In 1914, the 40-stamp Alaska Juneau Gold Mining Co. pilot mill started crushing ore on the Juneau waterfront.
In 1919, a $50,000 fire destroyed much of the business district in the mining town of McCarthy.
In 1950, ground was broken for the Mendenhall Apartments in Juneau.
In 1959, the Alaska House of Representatives approved a bill to pay the governor, then killed it in free conference.
In 1969, seven climbers began an attempt to summit Mount Kimball - at 10,350 feet, the highest mountain in the eastern Alaska Range. It had never before been successfully climbed.

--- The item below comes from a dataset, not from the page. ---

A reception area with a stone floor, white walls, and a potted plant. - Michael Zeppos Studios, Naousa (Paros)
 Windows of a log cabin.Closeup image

In 1988, Vern Tejas completed the first solo ascent of Mount McKinley.
In the nation
In 1850, in a three-hour speech to the U.S. Senate, Daniel Webster endorsed the Compromise of 1850 as a means of preserving the Union.
In 1876, Alexander Graham Bell received a patent for his telephone.
In 1911, the United States sent 20,000 troops to the Mexican border as a precaution in the wake of the Mexican Revolution.
In 1965, a march by civil rights demonstrators was broken up in Selma, Ala., by state troopers and a sheriff's posse.
In 1975, the Senate revised its filibuster rule, allowing 60 senators to limit debate in most cases, instead of the previously required two-thirds of senators present.
In 1994, the Supreme Court ruled that a parody that pokes fun at an original work can be considered "fair use" that doesn't require permission from the copyright holder.
In 1997, after a week of embarrassing disclosures about White House fundraising, President Clinton told a news conference, "I'm not sure, frankly" whether he'd also made calls for campaign cash. But he insisted that nothing had undercut his pledge to have the highest ethical standards ever.
In 2002, the House passed 417-3 a bill cutting taxes and extending unemployment benefits.
In 2006, the Bush administration drew a hard line on Iran, warning of "meaningful consequences" if the Islamic government did not back away from an international confrontation over its disputed nuclear program.
In the world
In 1926, the first successful trans-Atlantic radio-telephone conversations took place between New York and London.
In 1936, Adolf Hitler ordered his troops to march into the Rhineland, thereby breaking the Treaty of Versailles and the Locarno Pact.
In 1945, during World War II, U.S. forces crossed the Rhine River at Remagen, Germany, using the damaged but still usable Ludendorff Bridge.
In 1981, anti-government guerrillas in Colombia executed kidnapped American Bible translator Chester Allen Bitterman, whom they accused of being a CIA agent.
In 2002, by a razor-thin margin, voters in Ireland rejected a government plan to further toughen the country's already strict anti-abortion laws.